::: Given data :::

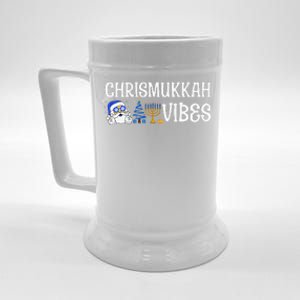 Chrismukkah Vibes Funny Santa Hanukkah Jewish Chanukah Beer Stein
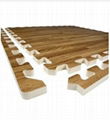 Wood Grain Printed EVA Floor Interlocking Mats 3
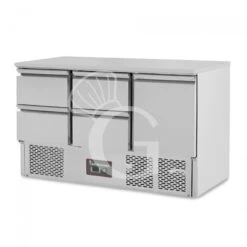 Saladette Refrigerata 1 Porta E 4 Cassetti, Temperatura +2°C/+8°C, Piano In Inox -Vendite GATRODOMUS saladette refrigerata 1 porta e 4 cassetti temperatura 2c8c piano in inox 1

:::

• **Exercise**
Copy exactly the lines that run from the line containing "Wood Grain Printed" to the end of the data above, keeping both end lines and leaving out all pictures.

• **Answer space**
 Wood Grain Printed EVA Floor Interlocking Mats 3
 Saladette Refrigerata 1 Porta E 4 Cassetti, Temperatura +2°C/+8°C, Piano In Inox -Vendite GATRODOMUS saladette refrigerata 1 porta e 4 cassetti temperatura 2c8c piano in inox 1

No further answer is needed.